Interest rates on deposits in Lithuania currently are extremely low. When placing one-year term deposits in major banks of Lithuania, the interest is less than half per cent. The fact that depositors indirectly purchase the deposit insurance services from the state contribute to the low interest rates – to purchase compulsory deposit insurance, the banks pay to the state company “Deposit and Investment Insurance” amounts similar to the existing interest rates. Currently, the deposit insurance rate for banks is 0.45 per cent, for credit unions 0.2 per cent.
Firstly, when we have this insurance the risk and the credit institution’s credibility becomes of secondary importance to the citizens. In order for the people to make appropriate and informed choices, they must feel not only the benefits of good decisions, but also the harms of the bad ones. However, the State deposit insurance ensures that no matter to what credit institution the deposit will be placed, it will be recovered with interest rates of up to 100 000 euros. One of the key principles of the market – responsibility for your decisions – disappears.
Secondly, deposit insurance distorts not only the motivation and behaviour of depositors, but also affects the credit institutions themselves. Over the period 2012-2014, four credit unions went bankrupt in Lithuania. The Ministry of Finance and the Bank of Lithuania are actively talking about the need to change the regulation of credit unions in Lithuania. And, according to the Bank of Lithuania, the disinterest in evaluating the risks of the credit union and in participation in their management (to make a deposit, one must become a member of the credit union) results in irresponsible activities of some of the credit unions.
The desire to have fewer insolvencies and stability is welcome. However, the stability of the market should not arise from the fact that no one goes bankrupt, but from the fact that if someone goes bankrupt, the one to suffer is the one who makes the bad decisions.

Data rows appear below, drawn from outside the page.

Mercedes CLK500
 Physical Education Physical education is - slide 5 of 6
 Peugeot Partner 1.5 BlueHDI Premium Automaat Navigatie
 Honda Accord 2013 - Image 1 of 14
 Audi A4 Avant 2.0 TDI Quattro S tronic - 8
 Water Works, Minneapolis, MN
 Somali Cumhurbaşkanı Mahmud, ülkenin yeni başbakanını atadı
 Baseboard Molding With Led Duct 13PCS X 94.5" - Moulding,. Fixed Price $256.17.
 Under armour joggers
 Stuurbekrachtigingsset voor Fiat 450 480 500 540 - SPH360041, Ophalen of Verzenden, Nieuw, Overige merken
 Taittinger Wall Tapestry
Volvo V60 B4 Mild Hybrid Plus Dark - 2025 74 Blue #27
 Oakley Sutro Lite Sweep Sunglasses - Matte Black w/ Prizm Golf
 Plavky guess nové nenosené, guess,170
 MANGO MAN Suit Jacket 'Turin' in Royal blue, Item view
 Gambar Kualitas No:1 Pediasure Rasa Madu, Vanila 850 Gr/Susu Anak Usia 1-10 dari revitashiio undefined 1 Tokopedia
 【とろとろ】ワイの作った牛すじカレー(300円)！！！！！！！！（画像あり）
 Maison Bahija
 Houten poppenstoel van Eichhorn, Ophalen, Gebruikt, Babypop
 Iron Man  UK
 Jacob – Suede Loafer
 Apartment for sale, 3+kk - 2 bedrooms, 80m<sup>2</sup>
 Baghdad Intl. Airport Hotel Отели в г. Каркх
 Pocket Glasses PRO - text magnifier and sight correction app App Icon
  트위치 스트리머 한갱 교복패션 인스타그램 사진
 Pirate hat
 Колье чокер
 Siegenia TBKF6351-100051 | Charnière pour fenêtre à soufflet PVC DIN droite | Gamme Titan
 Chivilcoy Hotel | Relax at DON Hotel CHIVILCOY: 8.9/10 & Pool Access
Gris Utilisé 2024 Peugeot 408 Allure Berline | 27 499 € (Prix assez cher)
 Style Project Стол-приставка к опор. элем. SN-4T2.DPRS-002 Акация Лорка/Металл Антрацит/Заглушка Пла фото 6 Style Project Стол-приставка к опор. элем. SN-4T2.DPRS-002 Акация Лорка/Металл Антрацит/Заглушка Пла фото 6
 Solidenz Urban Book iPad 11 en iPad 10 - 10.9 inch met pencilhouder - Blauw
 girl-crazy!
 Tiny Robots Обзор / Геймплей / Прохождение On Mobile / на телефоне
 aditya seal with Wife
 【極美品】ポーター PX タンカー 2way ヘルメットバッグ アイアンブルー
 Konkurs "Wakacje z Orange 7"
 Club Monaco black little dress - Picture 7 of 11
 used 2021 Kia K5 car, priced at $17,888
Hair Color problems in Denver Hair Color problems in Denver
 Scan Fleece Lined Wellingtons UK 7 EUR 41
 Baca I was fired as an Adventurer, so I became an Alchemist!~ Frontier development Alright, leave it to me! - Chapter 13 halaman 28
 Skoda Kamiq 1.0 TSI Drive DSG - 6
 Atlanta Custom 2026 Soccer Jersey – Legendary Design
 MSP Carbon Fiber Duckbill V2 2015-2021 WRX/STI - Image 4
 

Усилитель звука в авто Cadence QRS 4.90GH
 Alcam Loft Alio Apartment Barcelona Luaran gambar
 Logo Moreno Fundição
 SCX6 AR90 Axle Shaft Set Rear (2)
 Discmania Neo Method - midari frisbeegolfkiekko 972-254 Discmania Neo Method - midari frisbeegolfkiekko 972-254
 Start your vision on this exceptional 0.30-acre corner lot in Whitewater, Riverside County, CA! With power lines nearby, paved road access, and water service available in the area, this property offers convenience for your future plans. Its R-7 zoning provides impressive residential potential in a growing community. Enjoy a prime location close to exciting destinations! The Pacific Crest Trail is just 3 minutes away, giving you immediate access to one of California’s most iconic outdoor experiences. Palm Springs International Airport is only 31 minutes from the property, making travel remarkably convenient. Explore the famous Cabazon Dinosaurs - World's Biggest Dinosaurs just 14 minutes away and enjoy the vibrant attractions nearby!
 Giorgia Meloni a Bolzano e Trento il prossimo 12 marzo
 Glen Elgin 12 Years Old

Trying to ensure stability through regulation and limitation of liability causes many negative consequences and harmful incentives. The security the state deposit insurance guarantees and the reduction in the systematic risk of the banks it offers are often observed and emphasized. What are left out, however, is the distorted incentives of people and financial institutions, personal losses to the taxpayers and, as a consequence of these losses, the ever-increasing desire to regulate the financial sector even more. When the regulation is most stringent, it is harder to abide, which means less competition, leading to more expensive services and lower deposit rates.